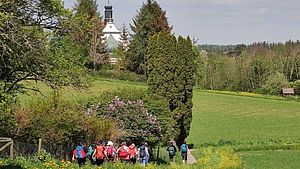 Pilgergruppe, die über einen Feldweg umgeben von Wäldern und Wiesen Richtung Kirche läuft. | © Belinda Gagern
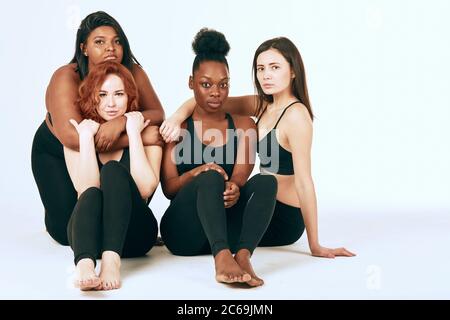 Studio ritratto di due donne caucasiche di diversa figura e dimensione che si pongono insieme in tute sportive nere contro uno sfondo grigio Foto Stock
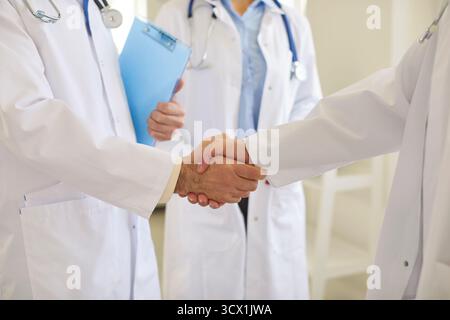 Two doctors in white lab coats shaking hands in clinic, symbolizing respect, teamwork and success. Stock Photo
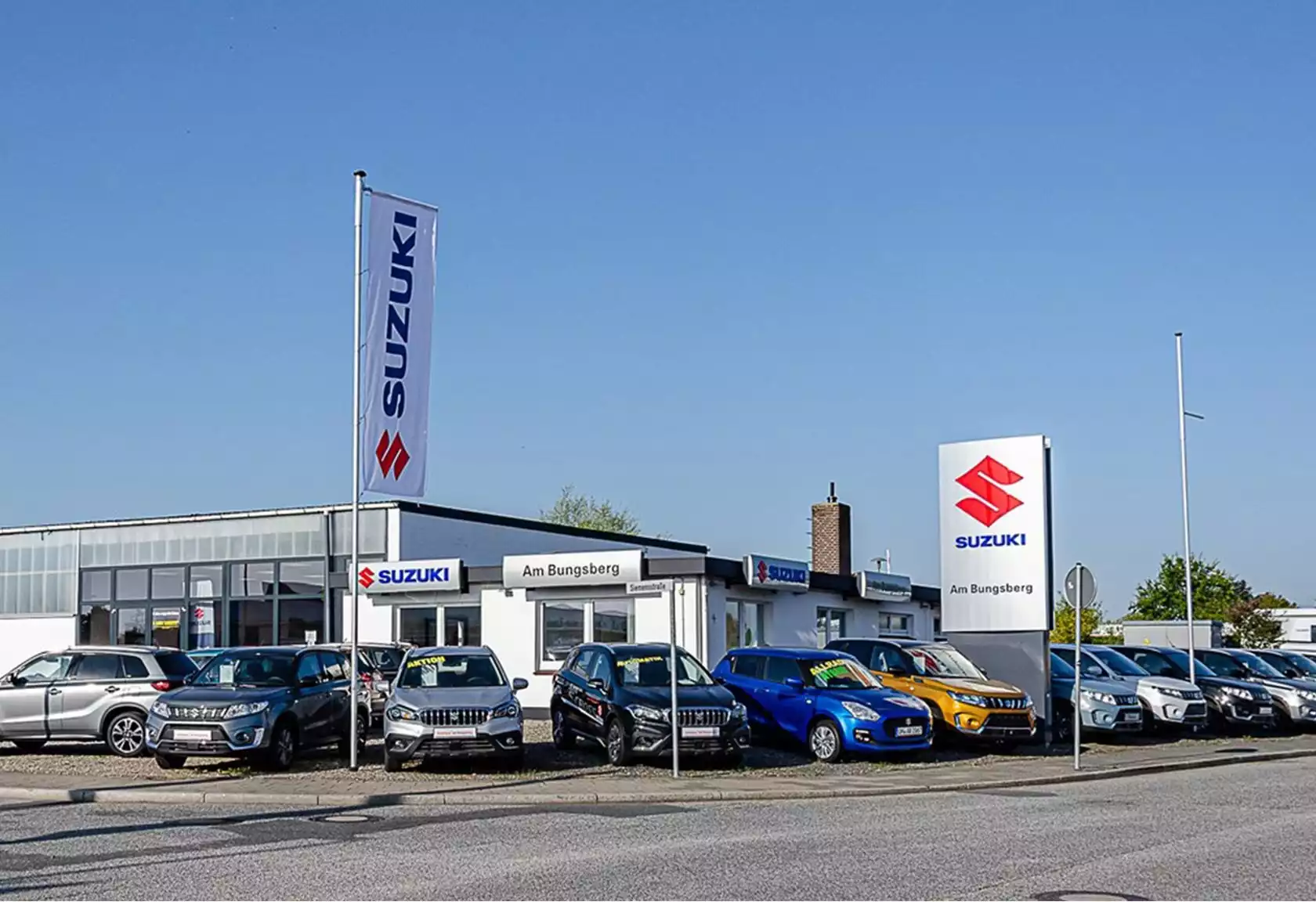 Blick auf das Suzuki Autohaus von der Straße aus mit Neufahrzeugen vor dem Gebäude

» Instructions for the task: Please transcribe the listing exactly as it stands, but omit its pictures.

» Exercise result:
 Pilgergruppe, die über einen Feldweg umgeben von Wäldern und Wiesen Richtung Kirche läuft. | © Belinda Gagern
 Studio ritratto di due donne caucasiche di diversa figura e dimensione che si pongono insieme in tute sportive nere contro uno sfondo grigio Foto Stock
 Two doctors in white lab coats shaking hands in clinic, symbolizing respect, teamwork and success. Stock Photo
 Blick auf das Suzuki Autohaus von der Straße aus mit Neufahrzeugen vor dem Gebäude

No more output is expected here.